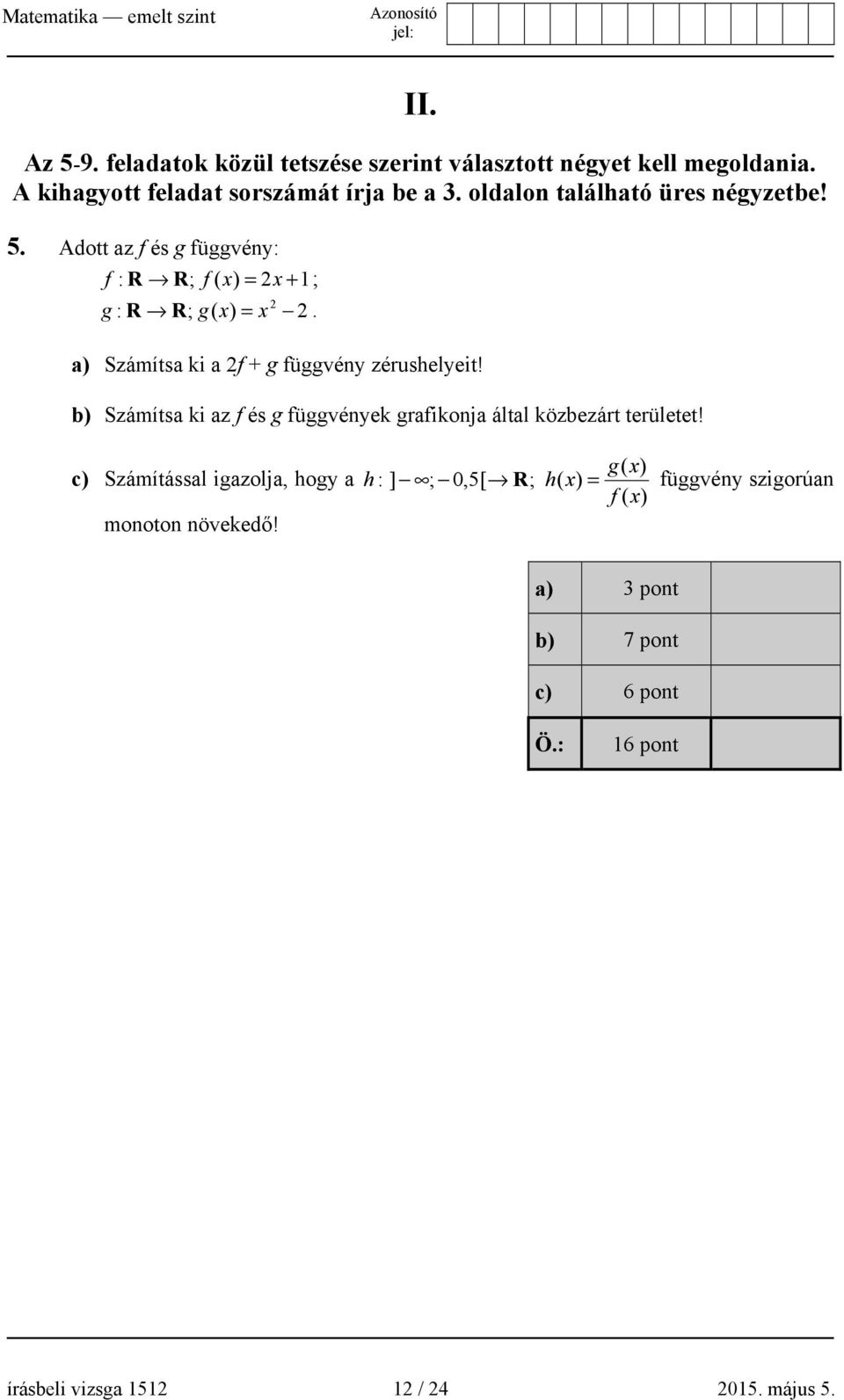 a) Számítsa ki a 2f + g függvény zérushelyeit! b) Számítsa ki az f és g függvények grafikonja által közbezárt területet!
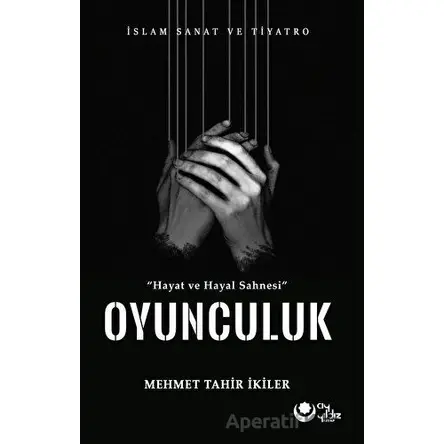 Hayat ve Hayal Sahnesinde Oyunculuk - Mehmet Tahir İkiler - Ayyıldız Kitap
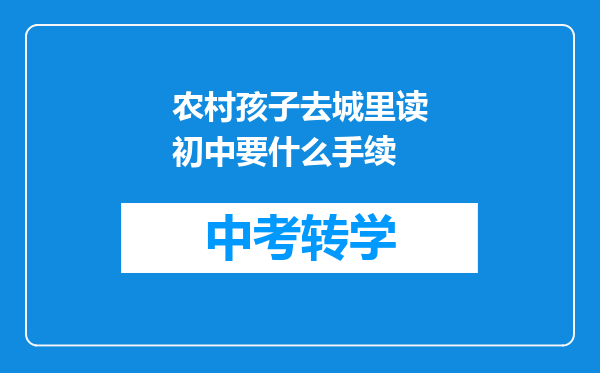 农村孩子去城里读初中要什么手续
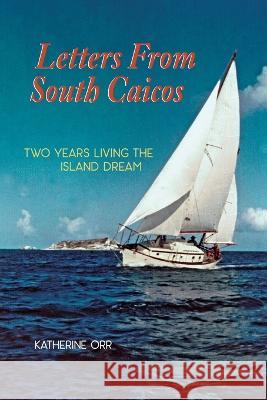 Letters from South Caicos: Two Years Living the Island Dream Katherine Orr 9781735404264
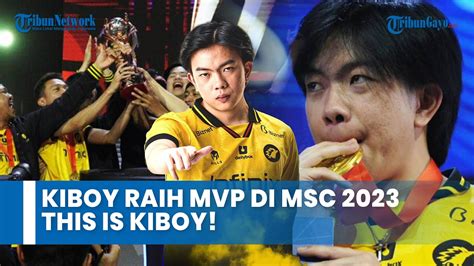 Onic Esports Juara Kiboy Raih Mvp Di Msc This Is Kiboy Youtube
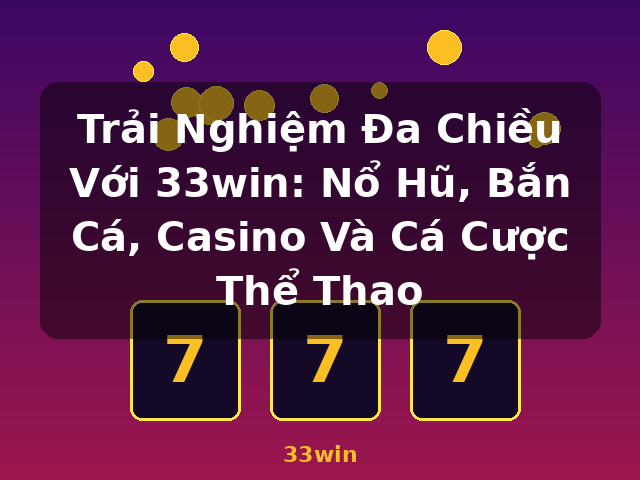 Trải Nghiệm Đa Chiều Với 33win: Nổ Hũ, Bắn Cá, Casino Và Cá Cược Thể Thao - 33win
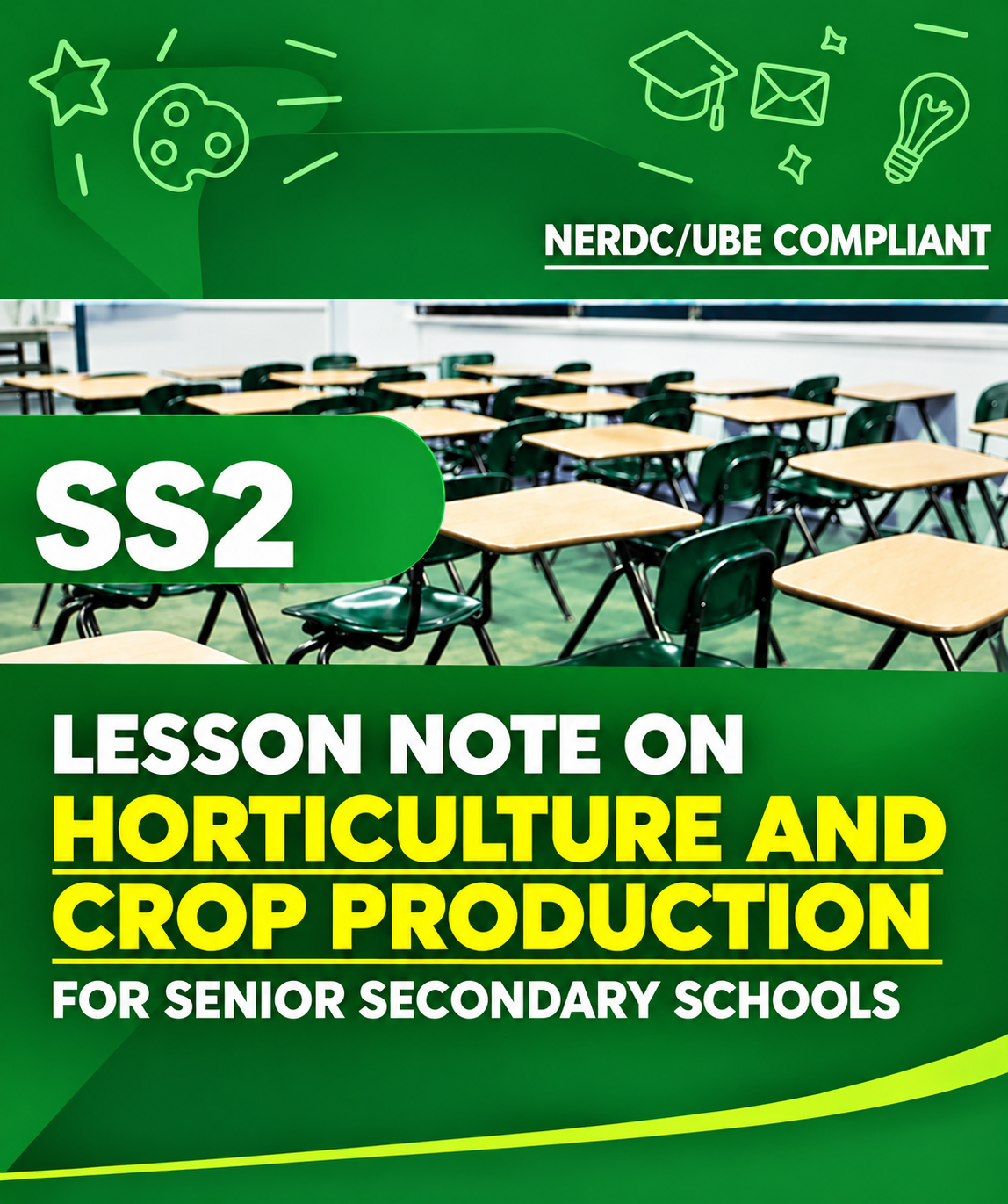 Lesson Note on Horticulture and crop Production SS2 First-Third TERM MS-WORD- PDF Download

•••

Could you set down exactly, and only, the lines from the line containing "农村孩子去城里读初中要什么手续" through the last line of the records, both included, without the pictures?

 农村孩子去城里读初中要什么手续
 Letters from South Caicos: Two Years Living the Island Dream Katherine Orr 9781735404264
 Onic Esports Juara Kiboy Raih Mvp Di Msc This Is Kiboy Youtube
 Trải Nghiệm Đa Chiều Với 33win: Nổ Hũ, Bắn Cá, Casino Và Cá Cược Thể Thao - 33win
 Lesson Note on Horticulture and crop Production SS2 First-Third TERM MS-WORD- PDF Download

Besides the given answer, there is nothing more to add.